Sa venue à Mossoul, carrefour commercial historique du Moyen-Orient, est hautement symbolique. Lors de la percée djihadiste, le pape s'était dit prêt à venir auprès des déplacés et autres victimes de guerre.
Dimanche à Mossoul, il va d'abord réciter une « prière pour les victimes de la guerre », ces milliers de Yazidis, de chrétiens et de musulmans assassinés par les djihadistes ou tombés au combat pour les déloger d'Irak.
Sept ans plus tard, le souverain pontife va découvrir les ruines laissées derrière eux par les djihadistes chassés d'Irak en 2017, lui qui a dénoncé avec fermeté « les armes », « le terrorisme qui abuse de la religion » et « les intolérances ».

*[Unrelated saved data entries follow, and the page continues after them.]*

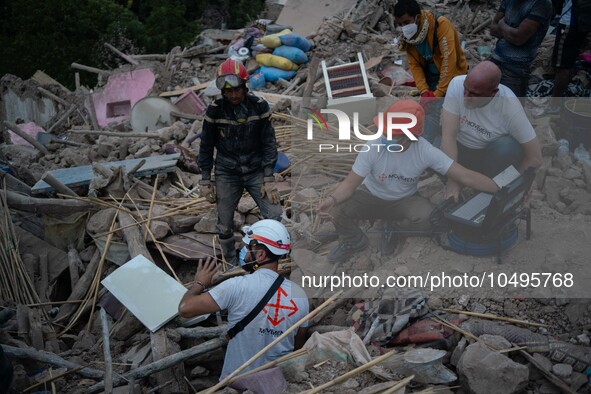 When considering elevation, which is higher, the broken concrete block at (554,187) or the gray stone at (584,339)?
the broken concrete block at (554,187)

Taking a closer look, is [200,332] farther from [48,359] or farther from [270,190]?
[270,190]

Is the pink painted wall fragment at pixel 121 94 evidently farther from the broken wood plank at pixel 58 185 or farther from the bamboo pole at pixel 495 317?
the bamboo pole at pixel 495 317

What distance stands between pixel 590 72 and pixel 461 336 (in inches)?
244

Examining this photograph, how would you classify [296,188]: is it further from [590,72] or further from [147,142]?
[590,72]

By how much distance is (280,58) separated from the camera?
12.7m

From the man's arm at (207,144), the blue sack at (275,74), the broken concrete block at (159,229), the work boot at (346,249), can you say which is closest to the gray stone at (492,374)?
the work boot at (346,249)

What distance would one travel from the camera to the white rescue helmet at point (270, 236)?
498 cm

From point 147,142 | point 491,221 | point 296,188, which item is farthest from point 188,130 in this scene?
point 491,221

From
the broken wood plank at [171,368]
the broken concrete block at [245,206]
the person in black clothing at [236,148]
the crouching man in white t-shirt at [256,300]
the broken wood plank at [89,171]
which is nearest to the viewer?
the crouching man in white t-shirt at [256,300]

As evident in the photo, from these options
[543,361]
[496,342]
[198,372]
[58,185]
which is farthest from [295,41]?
[543,361]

« Nous espérons tous que cette visite sera de bon augure pour le peuple irakien. Nous espérons qu'elle mènera à des jours meilleurs », s'enthousiasme déjà Adnane Youssef, chrétien du nord de l'Irak.
« Cette visite très importante va nous remonter le moral après des années de difficultés, de problèmes et de guerres », renchérit le père George Jahoula, alors que la communauté chrétienne d'Irak s'étiole chaque année au gré des départs en exil.

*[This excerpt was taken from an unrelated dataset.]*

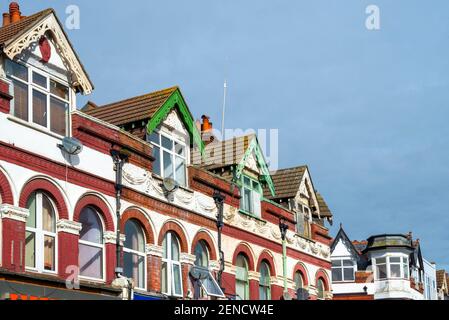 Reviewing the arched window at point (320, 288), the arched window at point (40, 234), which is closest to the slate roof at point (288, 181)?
the arched window at point (320, 288)

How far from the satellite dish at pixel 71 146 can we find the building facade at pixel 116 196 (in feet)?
0.09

Dans ce pays de 40 millions d'habitants, quasiment tous musulmans, les chrétiens ne sont plus que 400 000 aujourd'hui, alors qu'ils étaient 1,5 million avant l'invasion américaine en 2003.
A Mossoul, dont la vieille ville n'est toujours qu'un immense tas de gravats, le pape rencontrera l'ensemble des communautés chrétiennes après avoir porté leur cause auprès des autorités à Bagdad.
C'est la journée au cours de laquelle gardes du corps et forces de l'ordre seront le plus en alerte. Car si la visite du pape est historique, le dispositif sécuritaire déployé pour l'accueillir l'est tout autant.
Des milliers de fidèles
Les rares kilomètres que le pape a parcourus par la route l'ont été à bord de voitures blindées. Pour la majorité des 1.445 km de son parcours entamé vendredi après-midi, le souverain pontife est dans un avion ou un hélicoptère pour survoler plutôt que traverser des zones où se terrent encore des cellules djihadistes clandestines.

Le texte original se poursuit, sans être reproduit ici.